**Goal of the exercise**
Would you output the entries below only from the line containing "Houston Texans: A" through the line containing "Thermo Fisher ...", exactly as they stand and with both ends included?

**Material supplied**
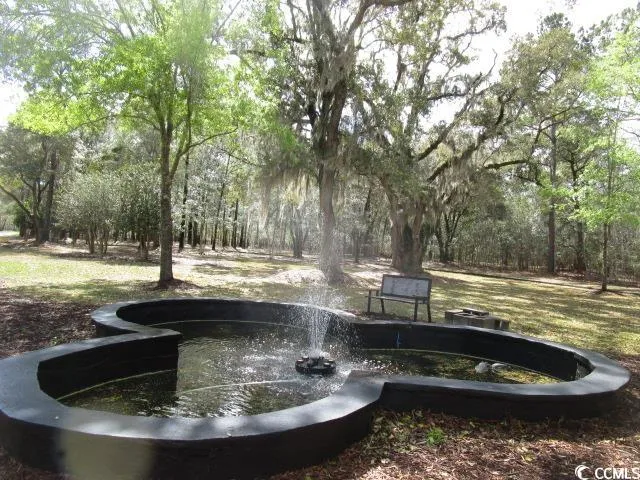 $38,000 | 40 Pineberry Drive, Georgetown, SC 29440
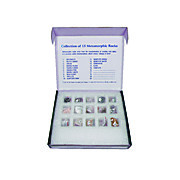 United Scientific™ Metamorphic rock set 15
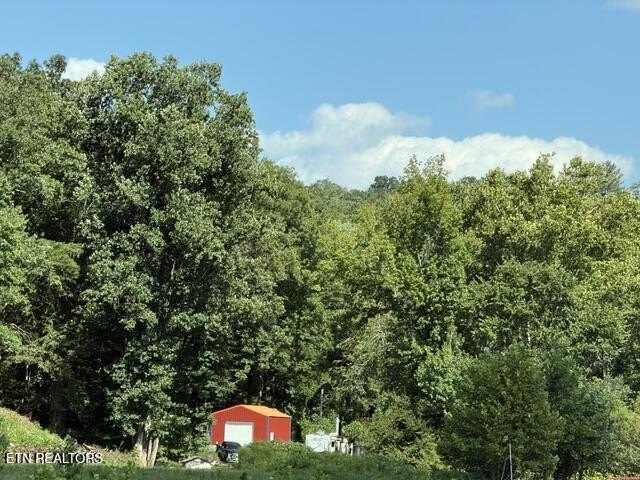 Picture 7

...

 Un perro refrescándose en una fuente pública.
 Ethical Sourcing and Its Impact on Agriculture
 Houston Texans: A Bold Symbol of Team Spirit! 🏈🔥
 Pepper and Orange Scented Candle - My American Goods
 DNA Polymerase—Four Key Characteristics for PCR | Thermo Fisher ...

**Finished exercise**
 Houston Texans: A Bold Symbol of Team Spirit! 🏈🔥
 Pepper and Orange Scented Candle - My American Goods
 DNA Polymerase—Four Key Characteristics for PCR | Thermo Fisher ...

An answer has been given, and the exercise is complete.